Find the string "photo" in the records. Copy each line that has it.
Supplied information section start
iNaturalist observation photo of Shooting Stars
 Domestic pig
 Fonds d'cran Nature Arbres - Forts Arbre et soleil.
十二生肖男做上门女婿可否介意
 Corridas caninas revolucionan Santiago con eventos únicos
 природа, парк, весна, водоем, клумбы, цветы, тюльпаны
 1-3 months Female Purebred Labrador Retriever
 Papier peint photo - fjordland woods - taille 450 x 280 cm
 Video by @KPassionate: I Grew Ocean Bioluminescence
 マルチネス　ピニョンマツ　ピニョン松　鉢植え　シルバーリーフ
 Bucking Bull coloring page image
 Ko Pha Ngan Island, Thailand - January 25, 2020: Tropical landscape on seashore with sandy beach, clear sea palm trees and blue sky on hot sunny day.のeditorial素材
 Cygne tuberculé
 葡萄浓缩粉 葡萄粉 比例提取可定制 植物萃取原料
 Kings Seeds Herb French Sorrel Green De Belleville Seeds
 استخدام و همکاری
Supplied information section end
## Solution for this problem
iNaturalist observation photo of Shooting Stars
 Papier peint photo - fjordland woods - taille 450 x 280 cm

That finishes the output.